Research news

How does water effect performance of fuel cells?

Image by: Michael Fousert

Publish Date: 15.09.2022

Category: Our contribution to sustainable development goals

Sustainable development goals: 7 Affordable and clean energy, 9 Industry, innovation and infrastructure, 13 Climate action (Indicators)

Hydrogen proton exchange membrane fuel cells are devices that enble direct conversion of chemically bound energy that is released during the reaction between hydrogen and oxygen into electrical energy with the water being the only side product of the process. Due to nontoxicity of the emissions, hydrogen fuel cells are considered to be one of the key technologies for achieving goals set in the scope of European Green Deal, especially for long haul and heavy-duty applications. Additionally, they also present an integral part of grid stabilization systems in power grids of the future.

Ensuring adequate hydration of a low-temperature fuel cell with a proton exchange membrane represents a scientific and technical challenge, mainly due to the low operating temperatures (e.g. 60-80°C) at which water is present in both the gaseous and liquid phases. In the latter, it fills the space intended for the transport of gases and thus limits the gas transport, which leads to a decrease in performance of the fuel cell and effects the degradation mechanisms via changed concentrations. Due to the convoluted causal chains of phenomena, low-temperature proton exchange membrane fuel cells are characterized by a highly nonlinear response. Optimizing performance in terms of performance and longevity is therefore extremely challenging. This reasoning calls for a precise online monitoring and control solutions such as coupled virtual observers taking into consideration also liquid water dynamics, which can cause flooding of the PEMFC and consequential drop in the performance. Modelling of the latter proves to be especially challenging due to varying retention and removal rates of liquid and gaseous water depending on the operating conditions thus representing a longstanding knowledge gap on the system level modeling, where calculations need to be performed much faster than in real time at a high frequency of data exchange.

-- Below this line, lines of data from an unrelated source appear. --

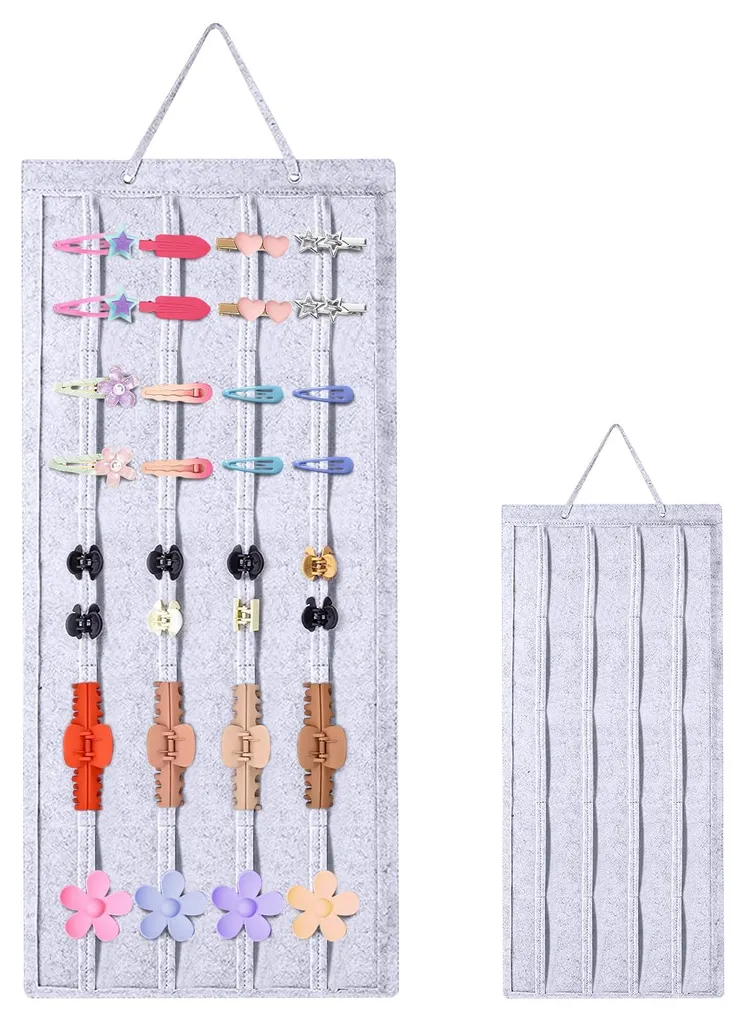 Présentoir mural pour pinces à cheveux, idéal pour porte ou armoire (gris)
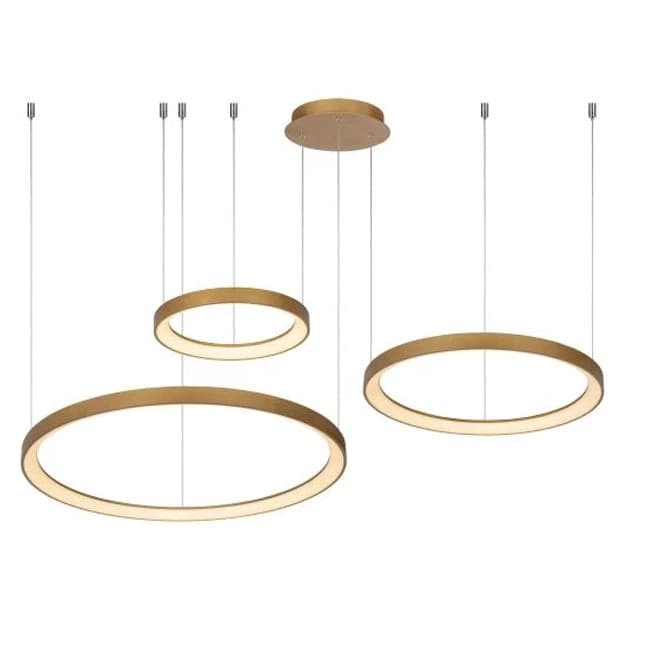 Lámpara colgante oro triple aro Ø78 x Ø58 x Ø38 cm LED 120 W - LULC0206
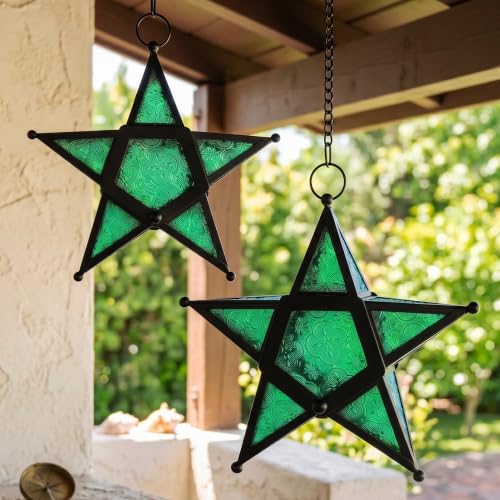 VELA LANTERNS Set of 2 Decorative Hanging Star Candle Lanterns – Moroccan Style Green Glass & Metal Tealight Holders for Indoor, Outdoor, Patio, and Home Decor - color: Green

To fill this gap, researchers of Laboratory of internal combustion engines and electromobility (LICeM), Faculty of Mechanical Engineering , University of Ljubljana have in collaboration with Faculty of Electrical Engineering, Mechanical Engineering and Naval Architecture in Split (FESB), University of Split developed and validated the Real-time capable transient model of liquid water dynamics in proton exchange membrane Fuel Cells, that can be utilized in the aforementioned advanced control methodologies such as virtual observers and hardware-in-the-loop as well as digital twin applications. The modelling approach is based on the 1D+1D system level mechanistically based PEMFC model composing two-phase flow water sub-model, which enables consistent system level treatment of liquid water dynamics in all seven most influential regions of the PEMFC (see Figure below), namely membrane, anode, and cathode channels, GDLs, and catalyst layers, while exhibiting real-time readiness with real-time factor of 0.0449 at the time step of 1ms or frequency of the data exchange of 1 kHz.

The model is a significant upgrade of the previously published thermodynamically consistent electrochemical model and was developed in the scope of the CDL for Innovative Control and Monitoring of Automotive Powertrain Systems. The results of the basic thermodynamically consistent electrochemical model and transient model of liquid water dynamics in proton exchange membrane fuel cells were published in a renowned journal - Journal of Power Sources (IF: 9.127). The importance and relevance of the research carried out in the field of fuel cell degradation modelling and the efficiency of the transfer of research results into advanced technological products is further confirmed by the integration of the developed modelling framework into the commercial simulation platform of one of the leading companies and its subsequent use in the development process of fuel cell-based systems at leading automotive manufacturers.

Andraž Kravos, Tomaž Katrašnik

Image 1: Schematic representation of the seven regions modelling approach.